Pilgrimage (1997)

Robert Morris

Program Notes

When we discussed the possibility of a commission to celebrate the Rochester Philharmonic Orchestra's 75th anniversary, Maestro Robert Bernhardt suggested that I might write a piece on the theme of religious tolerance to function as an overture to a concert including Bach's Magnificat and Bloch's Sacred Service. He thought it would be wonderful for my piece to suggest a relationship to Islam, so as to represent three of the major religions of our day. To prepare for composition, I consulted with professor Emil Homerin of the University of Rochester, an expert in many aspects of Islam, especially Sufi mysticism. Homerin showed me his translation of a massive Sufi poem of Ibn Al Fârid (d. 1235). The poem is called al-Tâ'îyah al-kubra which translates literally as "Greater Poem Rhyming in 'T'" (or as Homerin calls it, "Poem of the Sufi Way (an ode in 'T' Major)").

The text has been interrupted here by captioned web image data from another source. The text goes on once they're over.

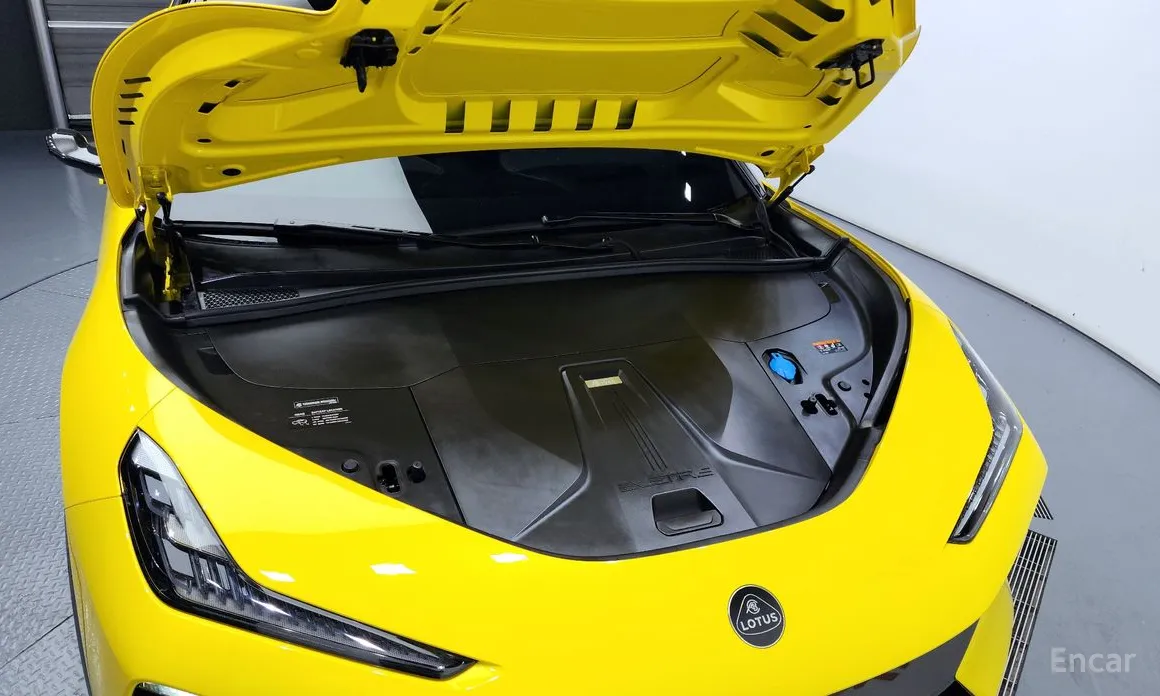 Фото 6 - Lotus Eletre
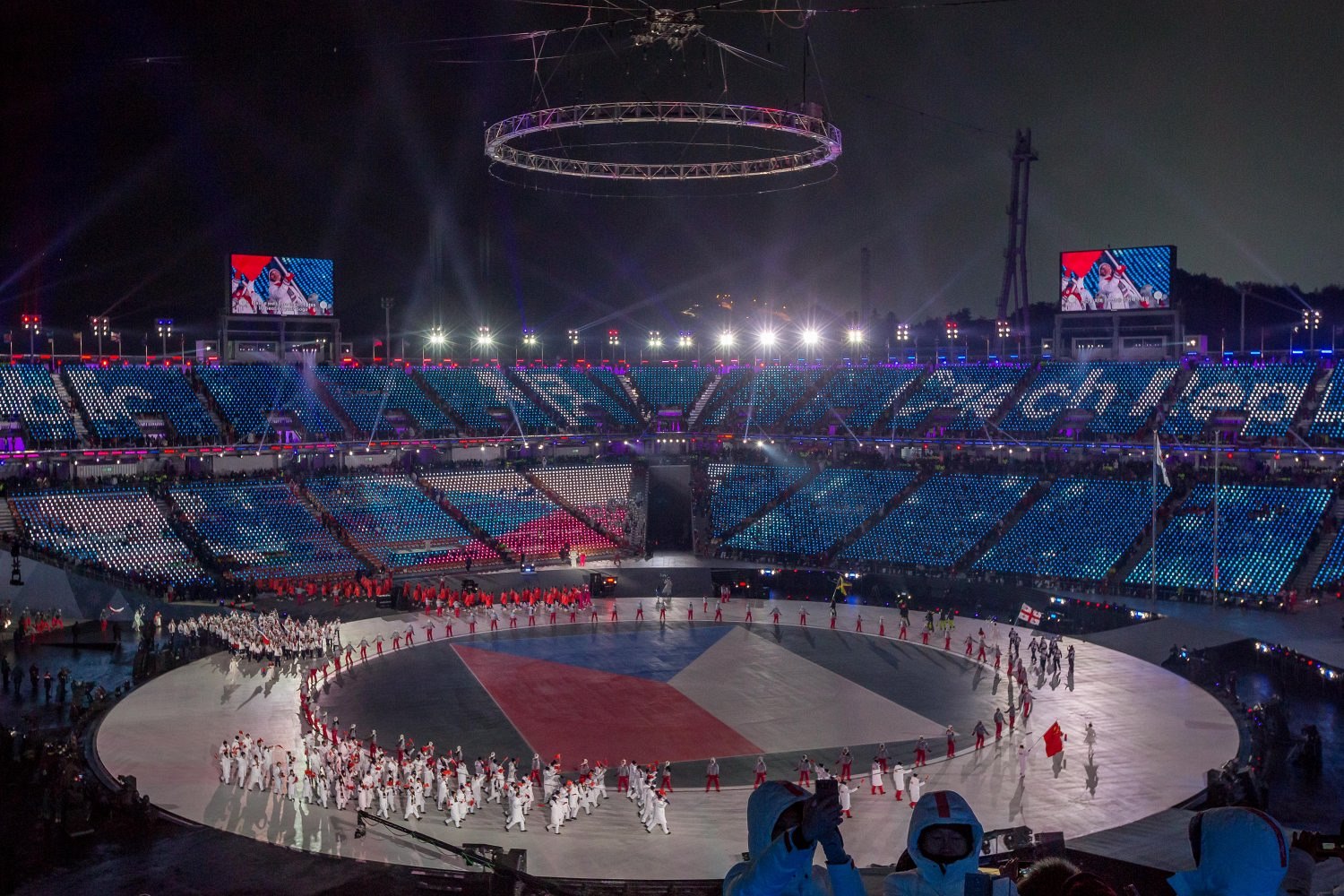 Slavnostní zahájení OH 2018: �eská vlajka p�i nástupu reprezentace na stadion.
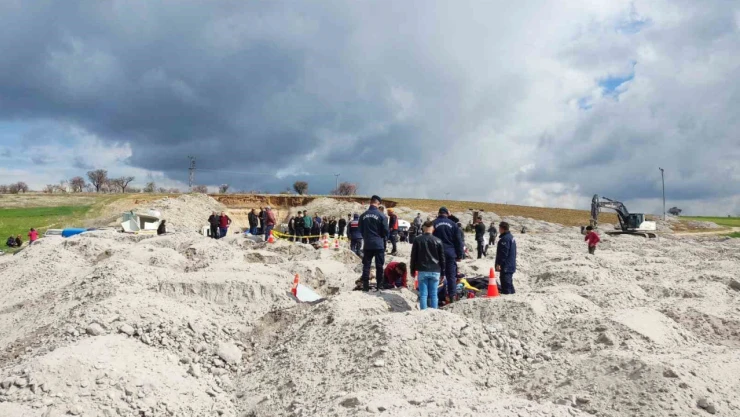 Niğde'de patates deposu çöktü: Göçük altında kalan 2 işçi hayatını kaybetti, 3'ü ağır 4 işçi ağır yaralandı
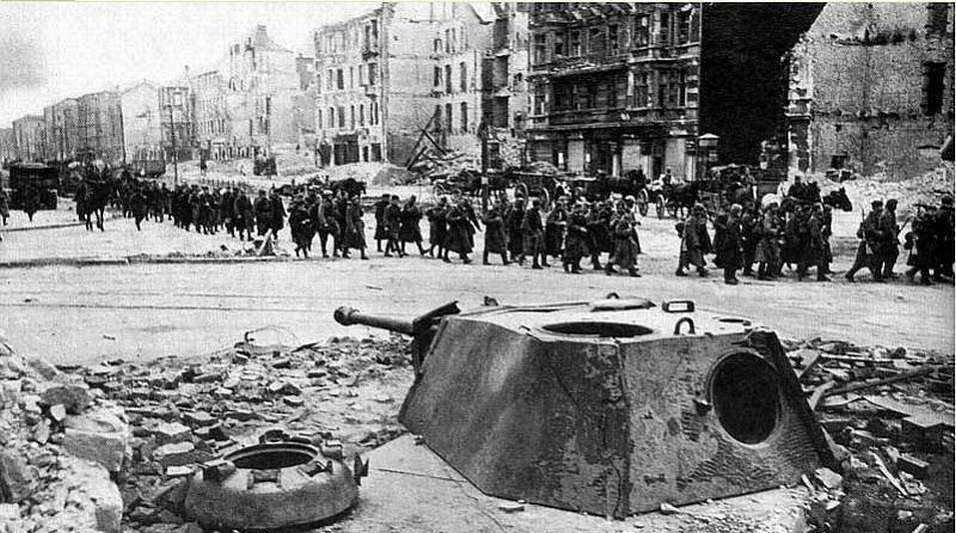 半岛体育官网首页-赫尔塔柏林主场不敌奥格斯堡，遭遇背水一战的简单介绍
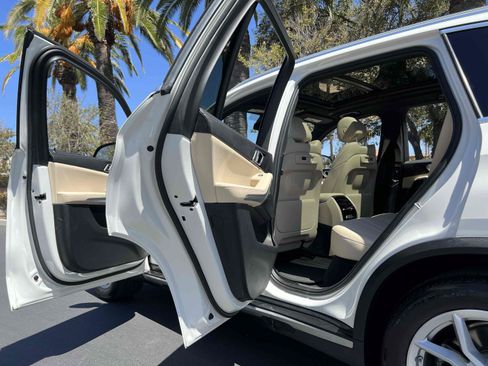 Used 2019 BMW X5 xDrive40i w/ Convenience Package AWD/4WD image 7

While my initial plans to use sections of the poem as the basis for my piece eventually fell by the wayside, the character of this immense and immensely inspiring text had a deep influence on my piece.

I chose the title "Pilgrimage" for two reasons. First, a pilgrimage to Mecca is one of the "Five Pillars" of Islamic faith. Second, pilgrimage is a vital form of ritual in almost all religions. Whether one searches for the Grail, union with God, enlightenment, or the Self, pilgrimage asks one to travel to a holy place through the world as it is, both as an act of faith and a commitment to peacefully overcoming adversity and doubt in the search for truth. And so, pilgrimage became the unifying idea for the form and content of my piece.

Pilgrimage begins with a strong E-flat in the full orchestra. This sustained tone may be taken to stand for the pilgrim's goal as well as the commitment to finding and achieving it. The E-flat also functions as a point of repose surrounded by the diversity of gesture and orchestral color. As the piece moves on, the E-flat often "gets lost" in the ongoing flux of rhythm, color, and harmony, sometimes appearing in new registers of the orchestra, sometimes being substituted by other notes. These states suggest the obstacles and difficulties of the spiritual path.